Optimal control in cancer immunotherapy by the application of particle swarm optimization
Sima Sarv Ahrabi

TL;DR
This paper applies particle swarm optimization to a mathematical model of cancer immunotherapy, effectively determining optimal treatment protocols that minimize drug use while maximizing cancer cell elimination.
Contribution
It introduces a novel combination of PSO with optimal control theory for cancer immunotherapy, improving treatment efficiency and reducing drug dosage.
Findings
PSO effectively finds optimal control strategies.
Optimal controls outperform traditional methods.

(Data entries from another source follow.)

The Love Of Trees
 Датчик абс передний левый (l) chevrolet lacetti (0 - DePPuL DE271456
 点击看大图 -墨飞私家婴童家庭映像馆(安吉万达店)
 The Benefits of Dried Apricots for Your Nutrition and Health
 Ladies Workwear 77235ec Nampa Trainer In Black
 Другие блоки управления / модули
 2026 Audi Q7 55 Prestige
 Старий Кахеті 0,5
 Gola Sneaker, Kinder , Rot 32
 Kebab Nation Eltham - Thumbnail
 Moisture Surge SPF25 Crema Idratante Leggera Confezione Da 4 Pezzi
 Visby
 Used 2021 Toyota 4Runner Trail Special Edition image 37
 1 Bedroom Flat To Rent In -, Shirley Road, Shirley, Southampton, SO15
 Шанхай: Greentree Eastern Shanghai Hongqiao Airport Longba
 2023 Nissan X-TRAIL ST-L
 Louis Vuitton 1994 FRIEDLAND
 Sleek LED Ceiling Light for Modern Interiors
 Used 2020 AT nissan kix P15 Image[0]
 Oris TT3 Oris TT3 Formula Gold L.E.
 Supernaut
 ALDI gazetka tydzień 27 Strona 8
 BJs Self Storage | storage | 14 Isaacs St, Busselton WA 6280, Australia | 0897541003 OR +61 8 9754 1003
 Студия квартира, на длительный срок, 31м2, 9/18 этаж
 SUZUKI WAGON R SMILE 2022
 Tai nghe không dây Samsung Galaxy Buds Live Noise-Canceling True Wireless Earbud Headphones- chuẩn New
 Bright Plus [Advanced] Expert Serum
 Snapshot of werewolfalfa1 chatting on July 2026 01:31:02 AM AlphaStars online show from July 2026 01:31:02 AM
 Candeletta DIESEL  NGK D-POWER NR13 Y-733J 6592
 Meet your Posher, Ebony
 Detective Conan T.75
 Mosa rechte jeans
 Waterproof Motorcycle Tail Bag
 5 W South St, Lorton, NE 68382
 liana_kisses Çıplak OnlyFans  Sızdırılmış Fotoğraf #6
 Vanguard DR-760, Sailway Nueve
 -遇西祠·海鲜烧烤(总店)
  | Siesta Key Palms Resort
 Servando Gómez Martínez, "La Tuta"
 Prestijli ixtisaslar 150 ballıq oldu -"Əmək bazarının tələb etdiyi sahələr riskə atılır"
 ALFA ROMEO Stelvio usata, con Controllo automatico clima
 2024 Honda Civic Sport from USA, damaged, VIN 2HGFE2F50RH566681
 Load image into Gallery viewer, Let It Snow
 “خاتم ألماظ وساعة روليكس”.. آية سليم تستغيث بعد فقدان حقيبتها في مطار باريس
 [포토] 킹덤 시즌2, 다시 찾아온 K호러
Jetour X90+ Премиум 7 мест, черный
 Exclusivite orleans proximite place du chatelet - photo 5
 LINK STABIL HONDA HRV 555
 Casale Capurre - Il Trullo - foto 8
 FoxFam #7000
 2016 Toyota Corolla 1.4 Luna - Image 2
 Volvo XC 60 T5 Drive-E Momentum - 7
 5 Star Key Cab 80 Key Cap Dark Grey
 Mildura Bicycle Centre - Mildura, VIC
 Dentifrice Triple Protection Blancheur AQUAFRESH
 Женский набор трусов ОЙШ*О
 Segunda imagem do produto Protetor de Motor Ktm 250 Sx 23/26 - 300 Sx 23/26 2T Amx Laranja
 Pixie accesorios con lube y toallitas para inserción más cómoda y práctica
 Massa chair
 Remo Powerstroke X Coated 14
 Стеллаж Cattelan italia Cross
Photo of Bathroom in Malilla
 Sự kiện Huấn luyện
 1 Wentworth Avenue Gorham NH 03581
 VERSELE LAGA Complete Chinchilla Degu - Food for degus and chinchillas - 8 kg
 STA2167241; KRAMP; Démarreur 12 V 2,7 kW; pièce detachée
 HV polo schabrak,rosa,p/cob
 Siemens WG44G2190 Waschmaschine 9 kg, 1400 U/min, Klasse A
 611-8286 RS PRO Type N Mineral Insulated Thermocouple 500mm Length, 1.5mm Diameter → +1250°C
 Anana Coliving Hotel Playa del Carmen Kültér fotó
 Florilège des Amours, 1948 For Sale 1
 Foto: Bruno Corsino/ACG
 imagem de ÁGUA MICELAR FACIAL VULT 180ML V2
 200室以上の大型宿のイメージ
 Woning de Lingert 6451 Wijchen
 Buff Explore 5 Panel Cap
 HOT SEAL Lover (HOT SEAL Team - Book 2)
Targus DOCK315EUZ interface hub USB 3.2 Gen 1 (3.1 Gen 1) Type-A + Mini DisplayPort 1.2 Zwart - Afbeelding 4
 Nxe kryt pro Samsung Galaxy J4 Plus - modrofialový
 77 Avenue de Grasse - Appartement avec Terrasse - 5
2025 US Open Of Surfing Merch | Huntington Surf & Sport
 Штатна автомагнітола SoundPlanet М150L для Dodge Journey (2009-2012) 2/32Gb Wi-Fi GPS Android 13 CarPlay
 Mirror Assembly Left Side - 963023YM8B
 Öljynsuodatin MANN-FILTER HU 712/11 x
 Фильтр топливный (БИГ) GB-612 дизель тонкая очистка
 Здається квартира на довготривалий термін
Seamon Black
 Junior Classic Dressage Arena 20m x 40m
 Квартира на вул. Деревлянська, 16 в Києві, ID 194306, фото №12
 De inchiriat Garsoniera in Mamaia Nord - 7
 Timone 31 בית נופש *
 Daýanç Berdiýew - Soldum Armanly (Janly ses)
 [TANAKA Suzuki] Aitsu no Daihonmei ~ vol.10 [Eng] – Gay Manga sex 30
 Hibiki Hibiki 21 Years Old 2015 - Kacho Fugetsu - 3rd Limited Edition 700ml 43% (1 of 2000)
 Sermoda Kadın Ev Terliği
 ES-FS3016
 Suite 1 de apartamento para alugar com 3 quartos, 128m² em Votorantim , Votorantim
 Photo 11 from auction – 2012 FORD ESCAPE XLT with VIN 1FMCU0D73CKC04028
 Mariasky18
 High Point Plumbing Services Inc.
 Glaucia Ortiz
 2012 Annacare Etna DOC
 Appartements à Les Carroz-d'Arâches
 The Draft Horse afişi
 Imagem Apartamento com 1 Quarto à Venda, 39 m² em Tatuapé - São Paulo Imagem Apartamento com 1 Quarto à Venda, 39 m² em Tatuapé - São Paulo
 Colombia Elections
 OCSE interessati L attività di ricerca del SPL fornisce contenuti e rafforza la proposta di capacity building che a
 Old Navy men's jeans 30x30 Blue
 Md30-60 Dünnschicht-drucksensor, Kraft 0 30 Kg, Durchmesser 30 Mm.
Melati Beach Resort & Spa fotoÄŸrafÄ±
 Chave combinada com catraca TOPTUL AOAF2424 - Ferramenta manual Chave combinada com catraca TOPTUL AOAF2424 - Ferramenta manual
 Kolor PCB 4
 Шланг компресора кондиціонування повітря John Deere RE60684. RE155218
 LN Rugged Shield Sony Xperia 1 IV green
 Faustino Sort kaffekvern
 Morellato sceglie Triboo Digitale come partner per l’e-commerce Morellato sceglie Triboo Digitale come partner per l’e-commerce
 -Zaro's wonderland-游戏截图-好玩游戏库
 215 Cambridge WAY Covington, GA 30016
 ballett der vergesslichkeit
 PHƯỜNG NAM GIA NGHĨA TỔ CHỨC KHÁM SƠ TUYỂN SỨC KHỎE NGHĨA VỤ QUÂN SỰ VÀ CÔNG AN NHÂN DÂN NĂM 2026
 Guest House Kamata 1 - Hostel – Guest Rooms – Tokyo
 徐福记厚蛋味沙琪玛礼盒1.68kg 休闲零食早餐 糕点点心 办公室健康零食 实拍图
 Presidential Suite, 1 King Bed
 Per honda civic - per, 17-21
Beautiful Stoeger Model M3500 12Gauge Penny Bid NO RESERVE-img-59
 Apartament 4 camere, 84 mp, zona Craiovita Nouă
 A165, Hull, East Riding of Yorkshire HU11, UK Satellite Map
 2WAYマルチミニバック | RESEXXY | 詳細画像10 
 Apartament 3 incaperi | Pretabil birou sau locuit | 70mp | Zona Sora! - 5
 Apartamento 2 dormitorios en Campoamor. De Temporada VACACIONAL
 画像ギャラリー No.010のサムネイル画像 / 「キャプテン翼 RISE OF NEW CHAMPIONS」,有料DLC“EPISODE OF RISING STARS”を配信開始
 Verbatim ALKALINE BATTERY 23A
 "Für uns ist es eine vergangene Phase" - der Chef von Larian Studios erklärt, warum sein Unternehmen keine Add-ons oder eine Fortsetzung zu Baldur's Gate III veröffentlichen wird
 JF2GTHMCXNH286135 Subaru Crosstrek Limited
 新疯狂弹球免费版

Reduced drug usage in treatment protocols.
Abstract
In this article, a well-known mathematical model of cancer immunotherapy is discussed and used to represent therapeutic protocols for cancer treatment. The optimal control problem is formulated based on the Pontryagin maximum principle to deal with adoptive cellular immunotherapy, then the problem has been solved by the application of particle swarm optimization (PSO) in combination with regular methods of solutions to optimal control problems. The results are compared with those of other researchers. It is explained how the PSO algorithm could be enlisted to obtain the optimal controls, then the obtained optimal controls are demonstrated to be more appropriate to the elimination of cancer cells by using fewer amounts of external sources of medicine.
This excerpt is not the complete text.